With this action, Cyprus has become the poster child for what the future holds for Greece, Spain, Italy and France so long as policy makers insist that protecting bank book capital levels comes ahead of protecting the real economy and society.
Cyprus wants help from the European Union's bailout fund. But the price for the billions in emergency aid money is high. The country will effectively lose its sovereignty.... 
it is already clear that in return for billions of euros for the debt-ridden country from the European bailout fund, the "troika," made up of the European Commission, the European Central Bank (ECB) and the International Monetary Fund (IMF), will essentially take control of the Mediterranean island. 
The Cypriot government and representatives of the troika negotiated for almost five months over the terms of a bailout package, worth at least €17.5 billion ($22.8 billion). 
The negotiations produced the draft version of a 30-page Memorandum of Understanding (MoU), in which the troika dictates to Cyprus what steps it will have to take in the coming years, down to the smallest detail.... 
[Cyprus President] Christofias left no doubt as to who he blames for the disaster, saying: "It's true that the decisions of bank executives and the miserable control by the Cypriot central bank have cost Cyprus billions of euros." 
The amount of the aid package corresponds almost to the country's entire economic output in a year. According to the troika's plan, by 2016 Cyprus's national budget will be cleaned up enough that the country can hopefully make do without new debt. 
Cypriot banks are also expected to make a contribution. Crisis-ridden institutions will no longer be supported solely by injections of cash from the European bailout fund. This time, the banks' creditors are also expected to pay up. 
"With the goal of minimizing the cost to taxpayers, bank shareholders and junior debt holders will take losses before state-aid measures are granted," the MoU draft reads. This means that creditors of Cypriot banks won't just be able to withdraw their money. Instead, their claims will be converted into bank shares. 
In taking this step, the troika is avoiding a potential embarrassment. 
Substantial sums of Russian capital are deposited into Cypriot banks, and some of it is probably of dubious origin. It would be difficult to explain to the European public why its taxes are being used to rescue wealthy oligarchs.... 

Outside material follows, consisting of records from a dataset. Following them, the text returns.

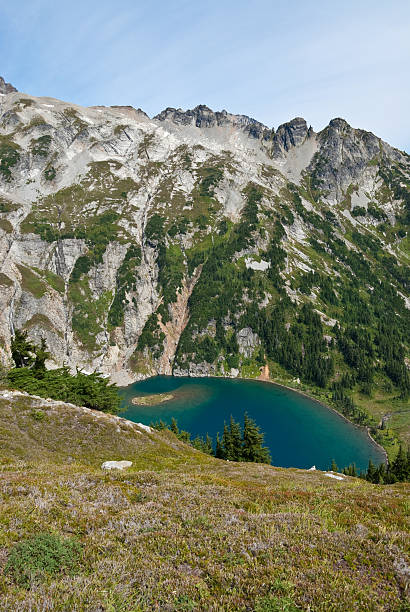 Doubtful Lake and Sahale Mountain The North Cascades is a vast wilderness of conifer-clad mountains, glaciers and lakes. It is one of the more remote wilderness areas in the Continental United States. This view of Doubtful Lake was photographed from Sahale Arm in North Cascades National Park near Marblemount, Washington State, USA. jeff goulden north cascades national park stock pictures, royalty-free photos & images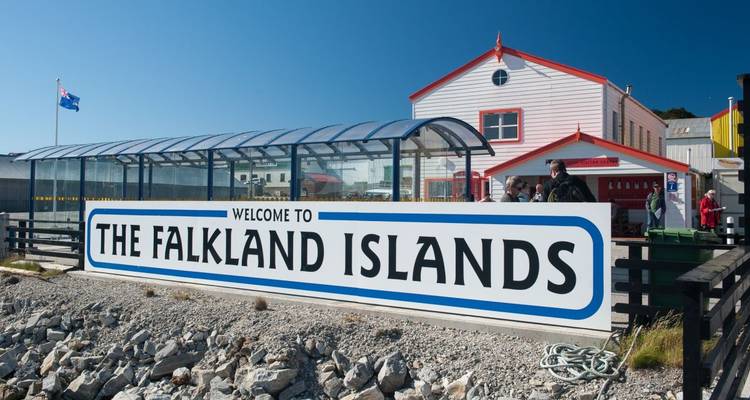 Falkland Islands sign with people and a building.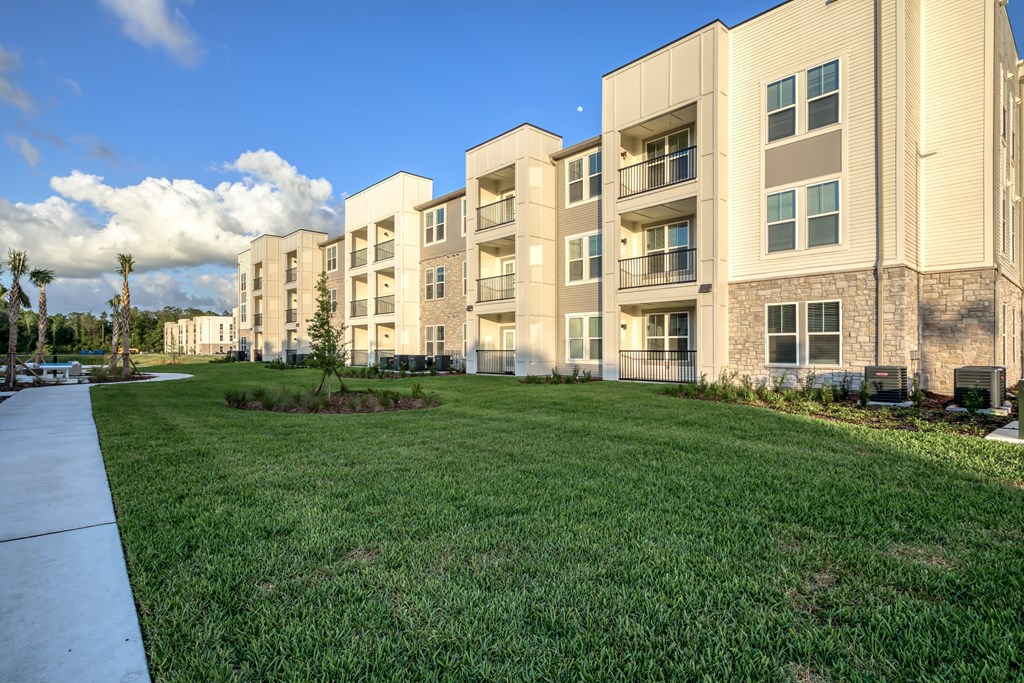 Apartment complex with a green lawn in front.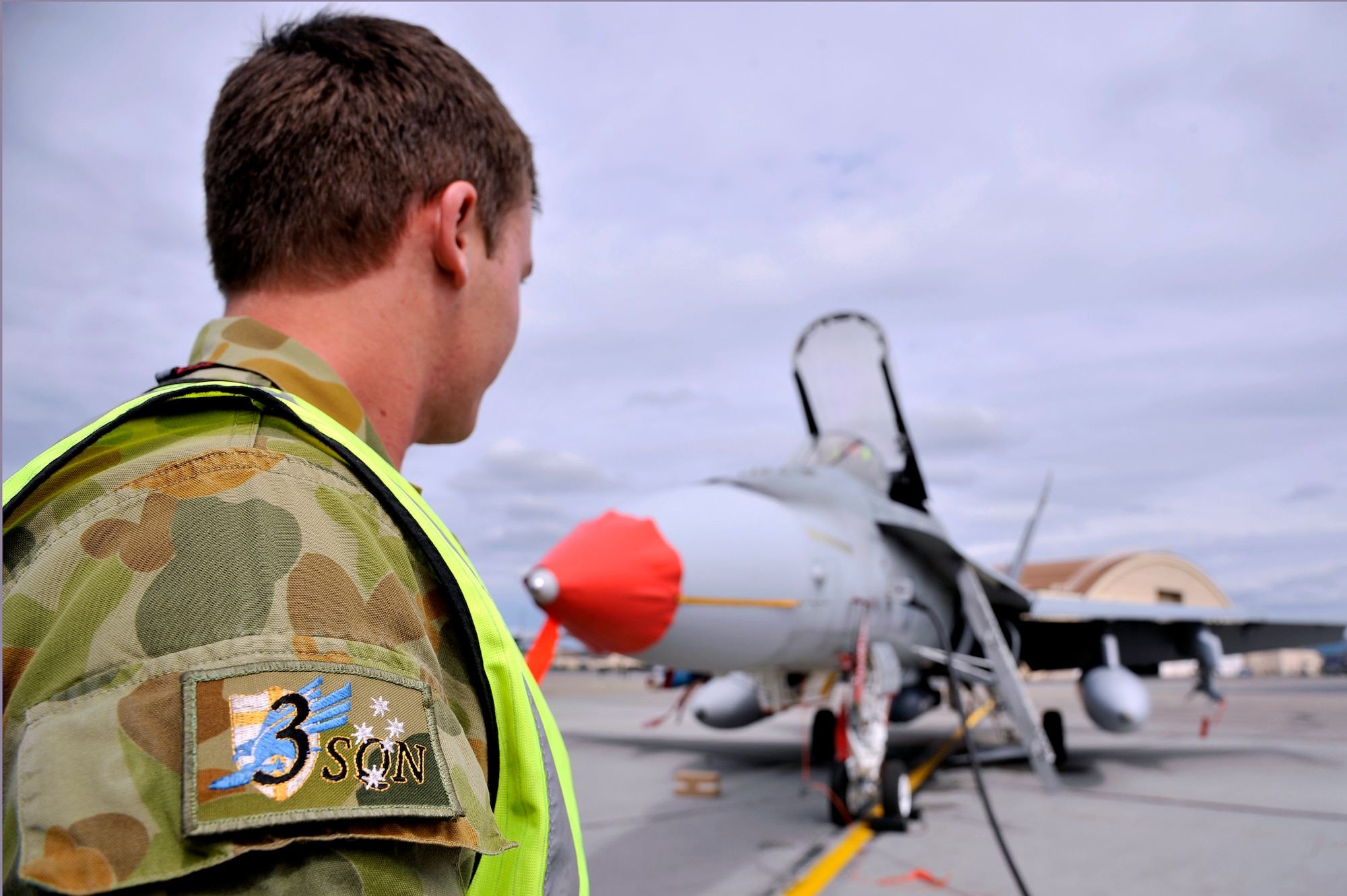 A Royal Australian Air Force maintainer monitors a generator connection to an F/A -18 Hornets July 15, 2011, Eielson Air Force Base, Alaska.  RED FLAG-Alaska 11-2 presented a steady stream of missions for RAAF maintainers to gain experience on the F/A-18 Hornet and learn how other countries perform aircraft maintenance and keep their fighter jets mission capable during the two-week exercise.  RF-A participants receive an opportunity to learn from one another and improve the overall performance of people and equipment.    (U.S. Air Force photo by/Staff Sgt. Christopher Boitz)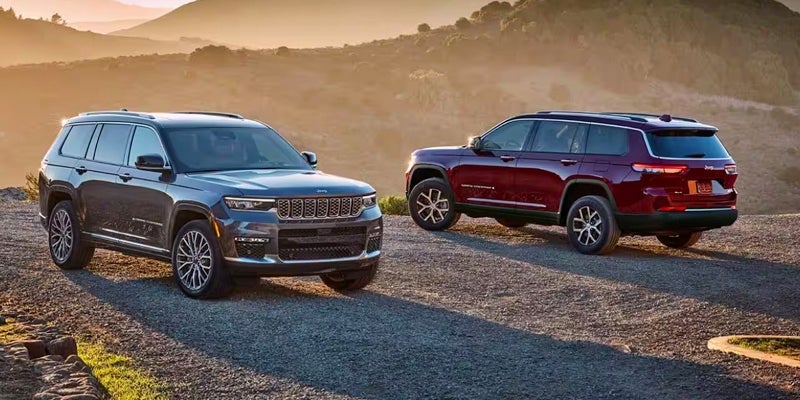 Two Jeep Grand Cherokees in different colors and trim levels - one red, one gray - sitting in a desert environment.
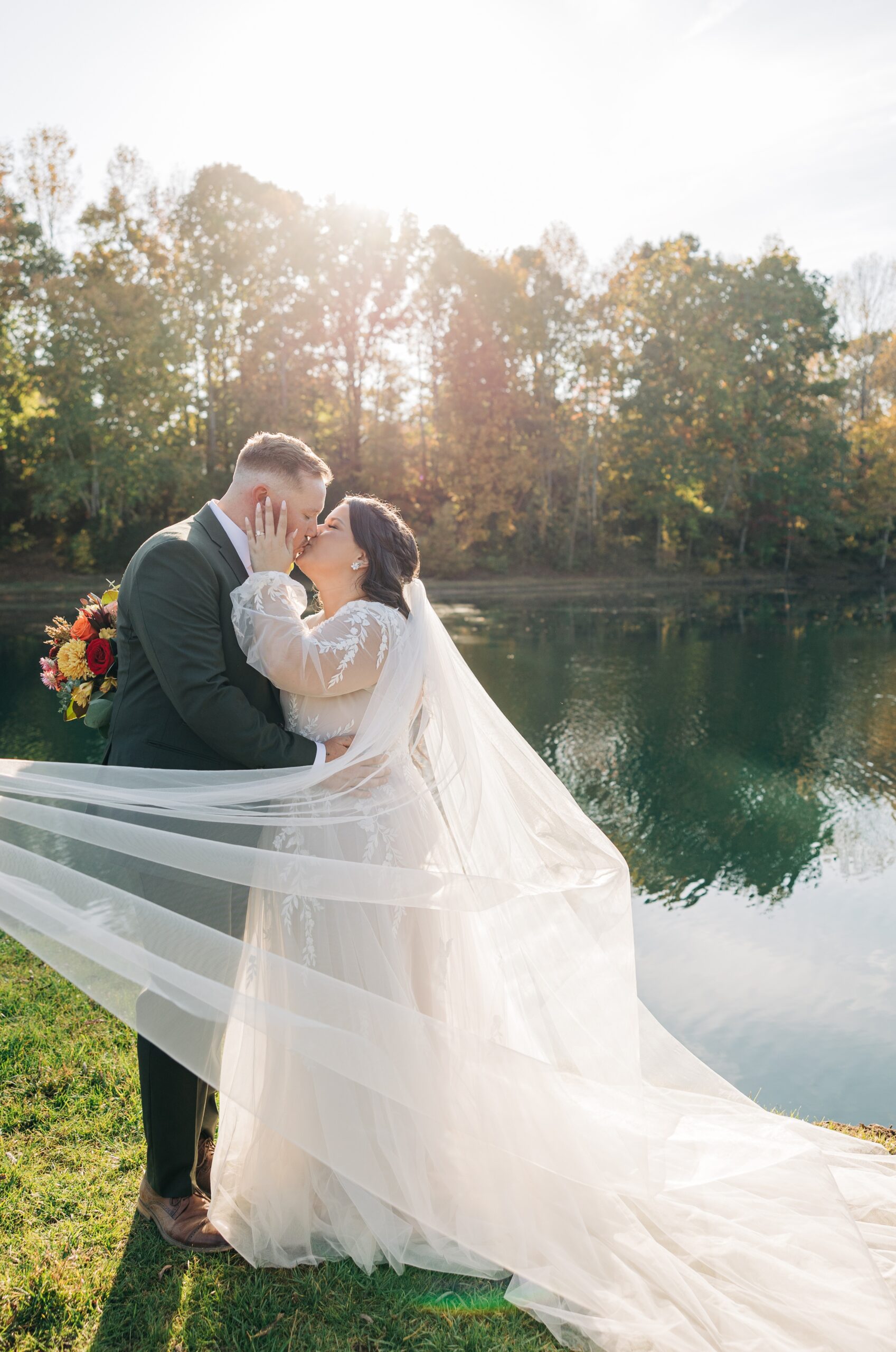 Newlyweds kiss on the edge of the water at sunset with the veil wrapped around them at splendor pond flower farm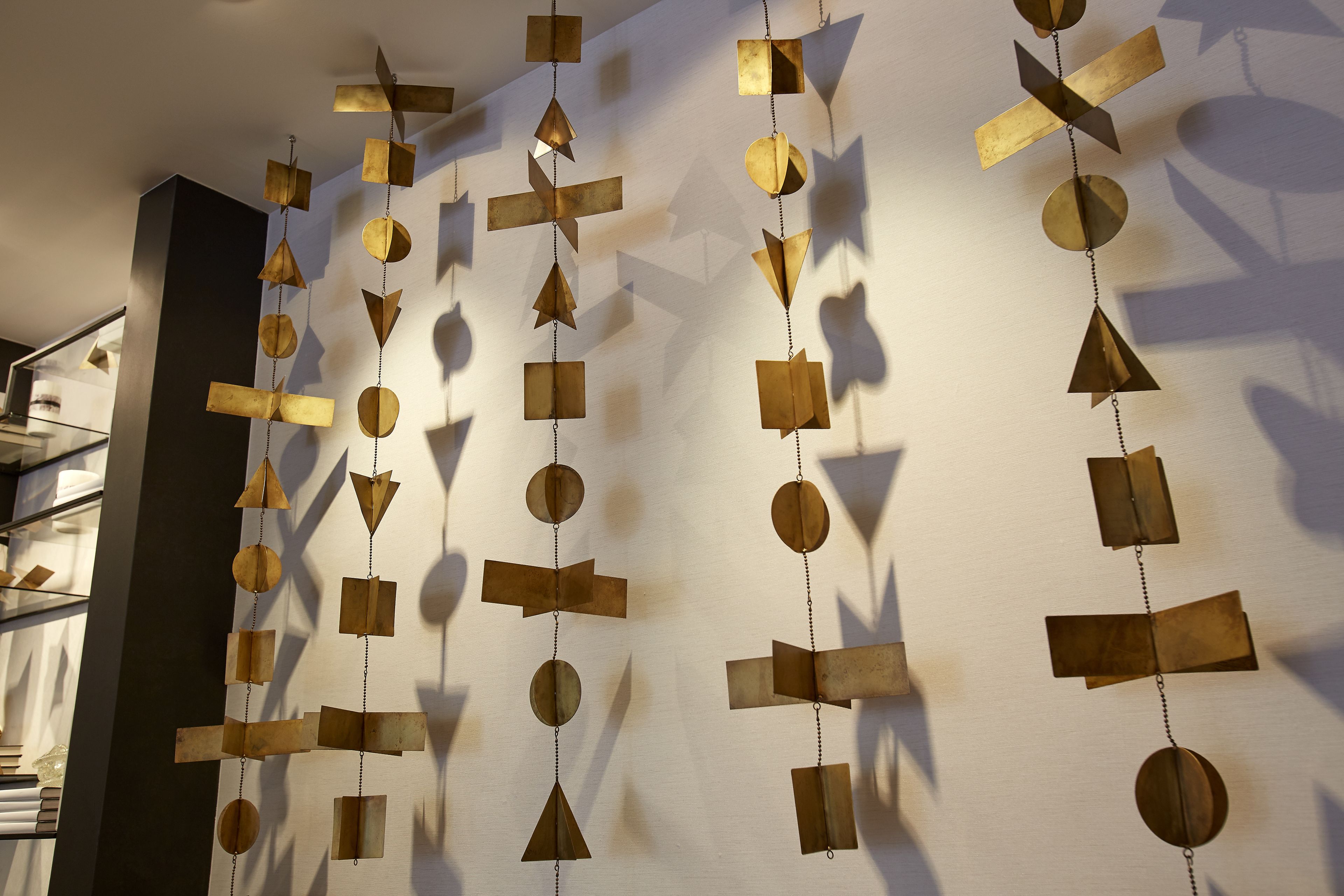 A wall with geometric metal art installations.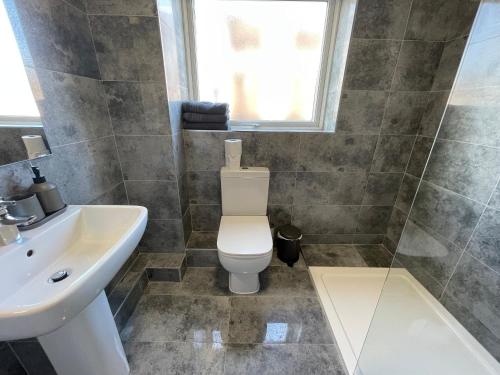a bathroom with a toilet and a sink at Hosted By Ryan - 1 Bedroom Apartment in Liverpool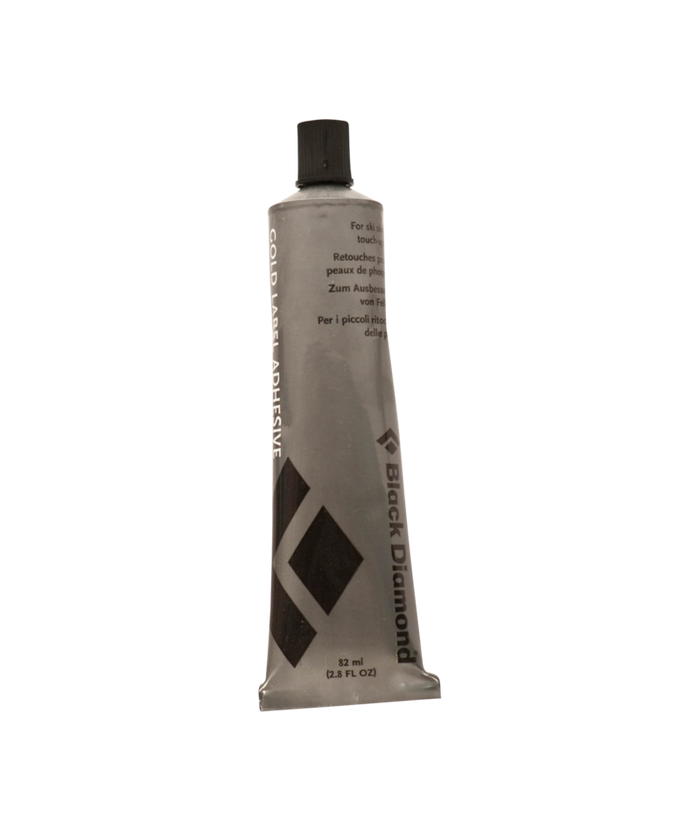 Tube of ski skin adhesive on a white background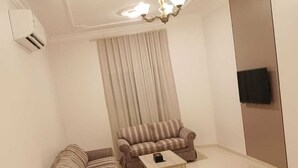 A living room with a sofa, a smaller couch, a coffee table, a TV mounted on the wall, and a ceiling light fixture. - Rama Dubai Serviced Apartments 4 (Riyadh)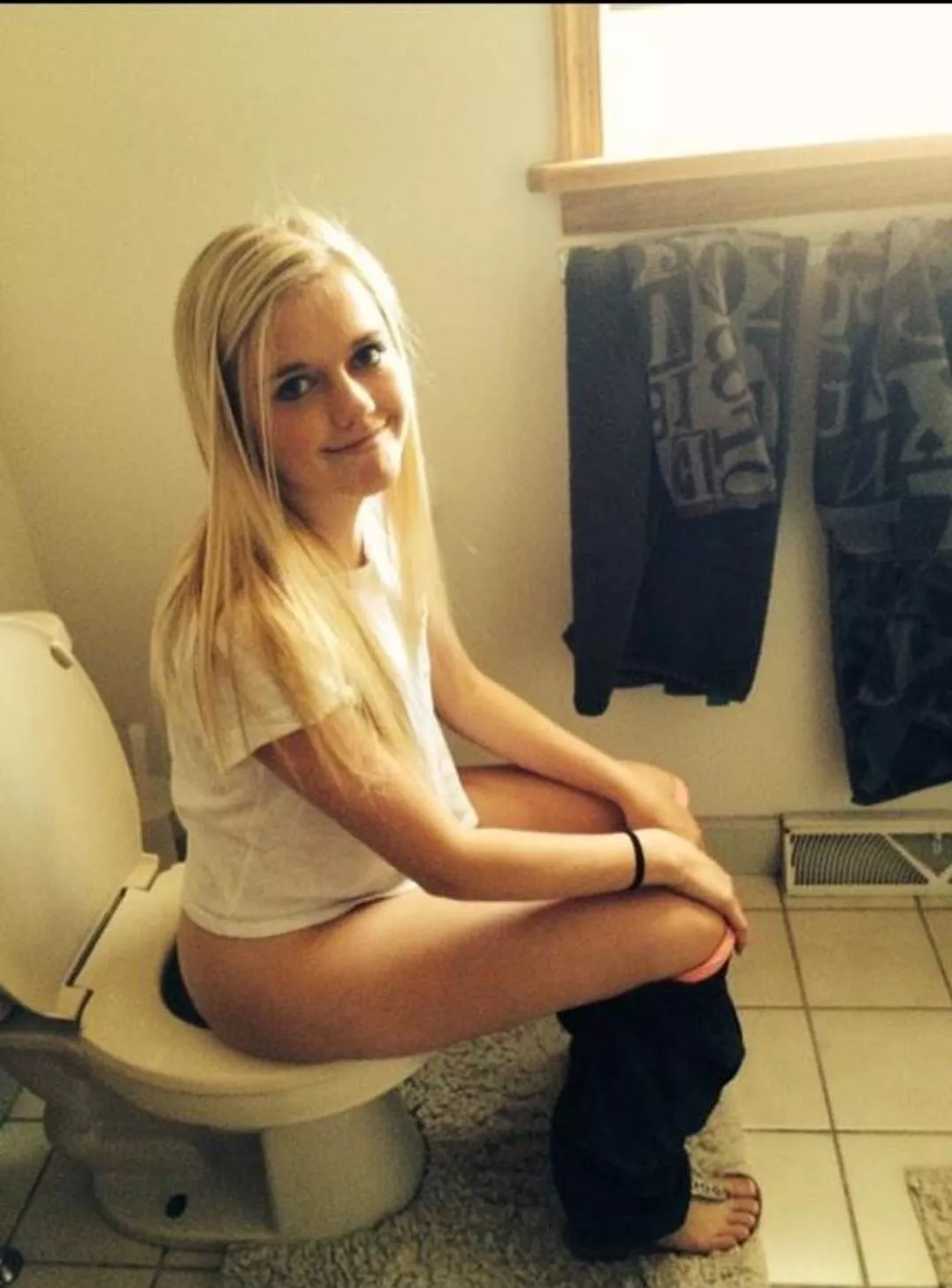 Potty blonde with pink panties.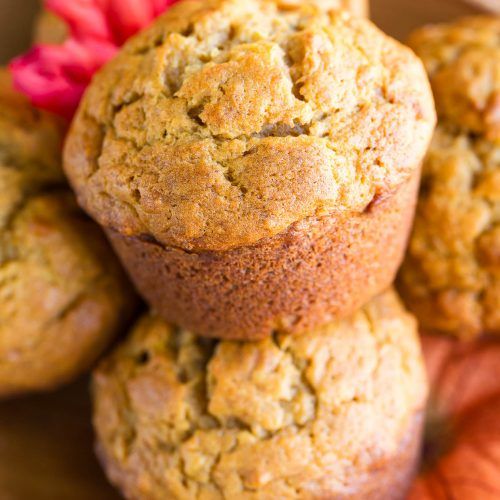 several muffins stacked on top of each other with a flower in the middle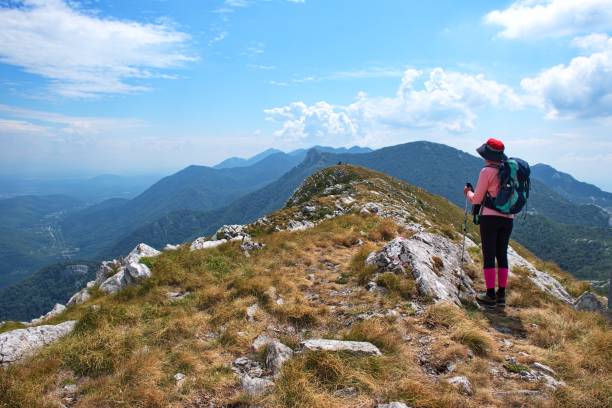 istock Senior woman hiking 1575682738
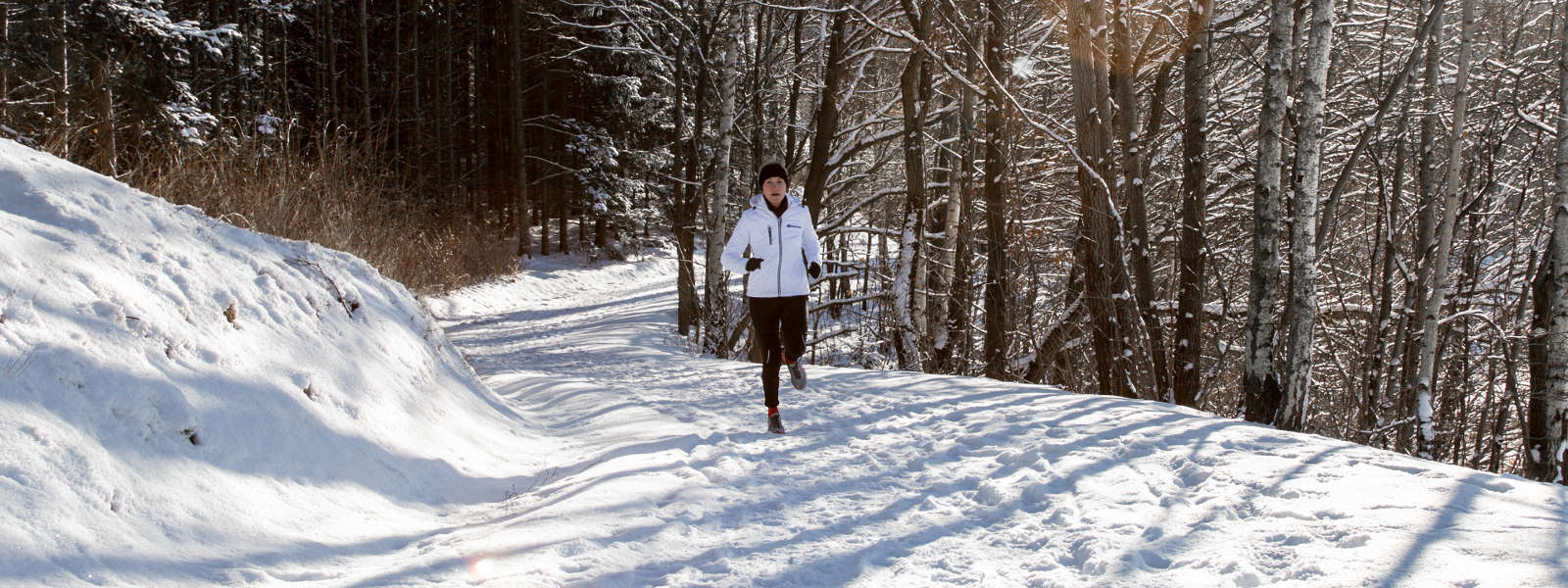 Frau in weißer Laufjacke joggt auf einem schneebedeckten Weg zwischen Bäumen und sieht in Richtung Kamera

At the same time, Cyprus will have to rebuild its financial sector in the coming years, along with drastically improving regulations and intensifying the fight against money laundering and tax evasion. 
All of this raises the interesting question of why bailout the banks in the first place.

Wouldn't it be simpler to just have them absorb the losses on their exposure and rebuild their book capital levels through retention of 100% of pre-banker bonus earnings?

It would also be better for the citizens of Cyprus as it is pretty clear that they do not receive much if any of the bailout money (the money is likely to go to banks in France and Germany that over-extended credit to the banks in Cyprus).
But on Tuesday, the president wasn't willing to end his address without giving his fellow Cypriots at least some words of comfort and hope. ... Cyprus can hope for a new "economic miracle."
Since the bank losses have been socialized, it will take a miracle for Cyprus to ever recover.